Зевс из бездны
Вот наконец я и увидел эту статую, о которой Бенвенист в «Словаре индоевропейских социальных терминов» пишет, что в ней лучше всего, что есть, узревается царственный сияющий простор – суть бога неба, каковым по самому своему имени является Зевс-Юпитер. На пьедестале бесконечное царящее простирание, создающее день: олимпийскую синеву над всем, над чем поднята эта рука.
Однако в фигуре бога из Национального археологического музея в Афинах ещё много всего, с учётом того, что небо ведёт себя по-разному, в том числе неся огонь и шторм.
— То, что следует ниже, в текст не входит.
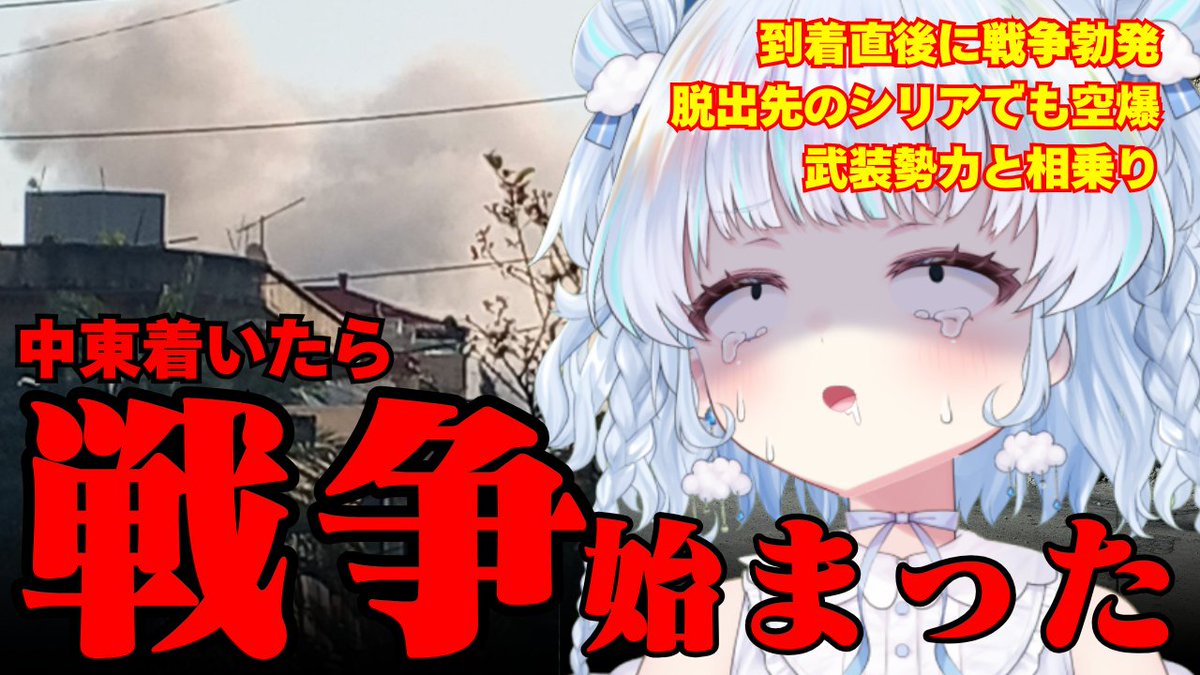 tabino_sora__'s tweet photo. 今日夜7時からプレミア公開！

【ヤバい】空港から出た瞬間戦争が始まった。爆撃音が鳴り響くシリア・レバノンに閉じ込められました https://t.co/nc53jWC5jM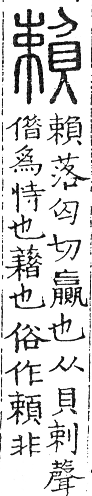 六書正譌 去聲．九泰韻．頁129．左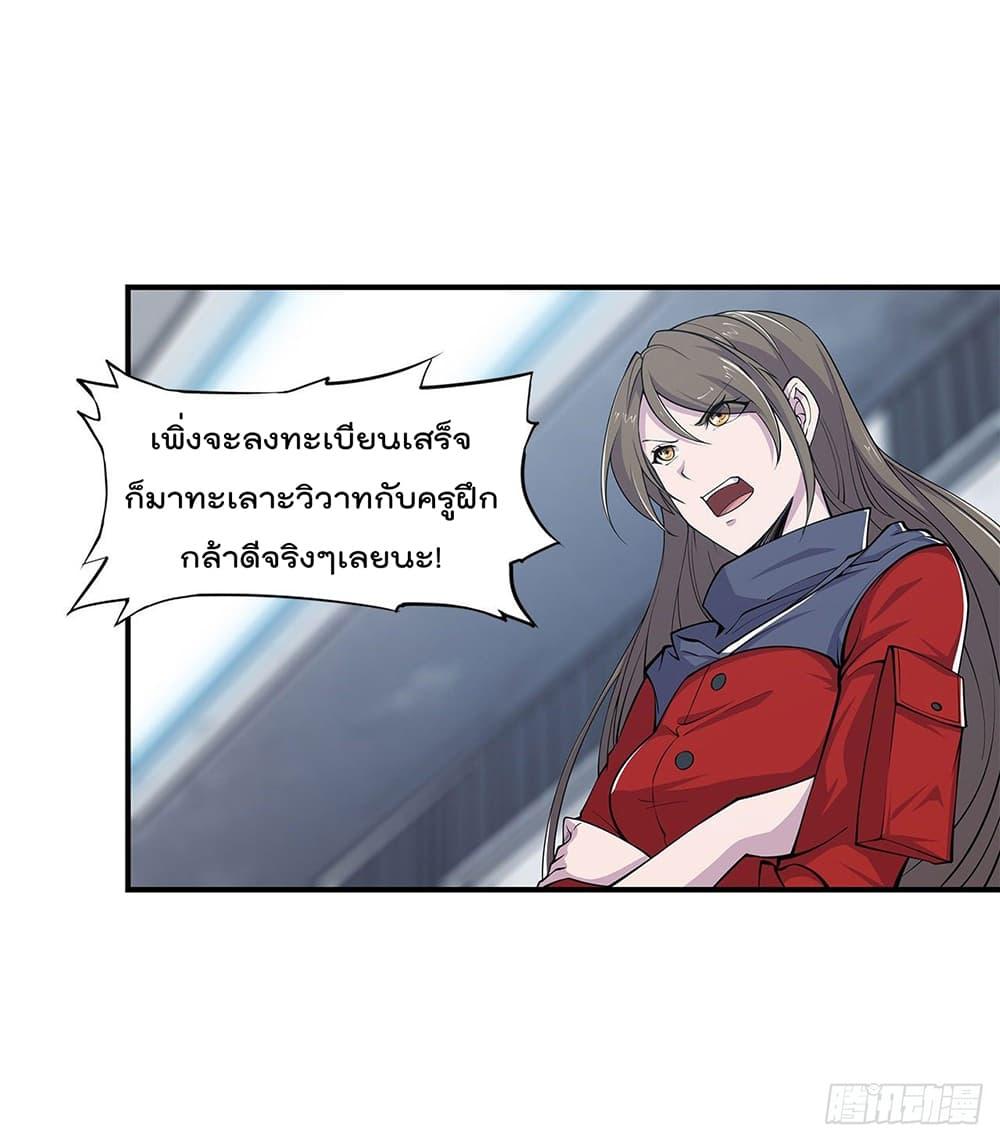 Manga-lc-com อ่านมังงะ อ่านการ์ตูน ออนไลน์ ฟรี The Strongest Knight Become To Lolicon Vampire – ผมคืออัศวินผู้แข็งแกร่งที่ถูกสาปให้กลายเป็นแวมไพร์โลลิคอน ตอนที่ 1 2 3 4 5 6 7 8 9 10 11 12 13 14 ฟรี ไม่มีโฆษณา Manga-lc - อ่าน มังงะ อ่าน การ์ตูน ออนไลน์ อ่านมังงะ ฟรี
Только ради одной этой статуи стоило приехать в Афины, но, конечно, ею дело не ограничивается. В музее заметно отношение к ней как к жемчужине коллекции – на фоне даже таких экспонатов, как микенское золото Шлимана или фрески Тиринфа. Дискуссию же, Зевс это или всё-таки Посейдон, не приходится считать существенной – для классического периода, когда работал автор статуи, они достаточно условно различимы. Дистанции, разделяющие два культа в неизвестном прошлом, преодолены. Посейдон, чьё имя в отличие от зевсова, этимологически не прослеживается, во времена Гомера и Гесиода побратался с олимпийским царем. Как следует из солнечного текста о воде, бог неба становится богом морей, проецируя себя и порождая эффект перемен – рябь земли, рябь воды, чтобы не добавить ещё: рябь времени. Гипостазирование неба открывает и меряет глубину. Колебатель – земная ипостась вершителя. Вслед за днем создаётся – нисходит с высоты – не только ночь, уже сквозящая в этих глазах, но цикл чередования дня и ночи.
То, что эксперт признал каноническим в образе одного бога, применимо к другому, казалось бы из иной стихии. И это симптоматично. Получается, и Бенвенист не отказал себе вглядеться в колеблющееся отражение неба на поверхности тёмной глуби. Да ведь не забудем: именно из тёмной глуби и появилась статуя, о которой речь – найденная в море. Таковы ныне пути небесного.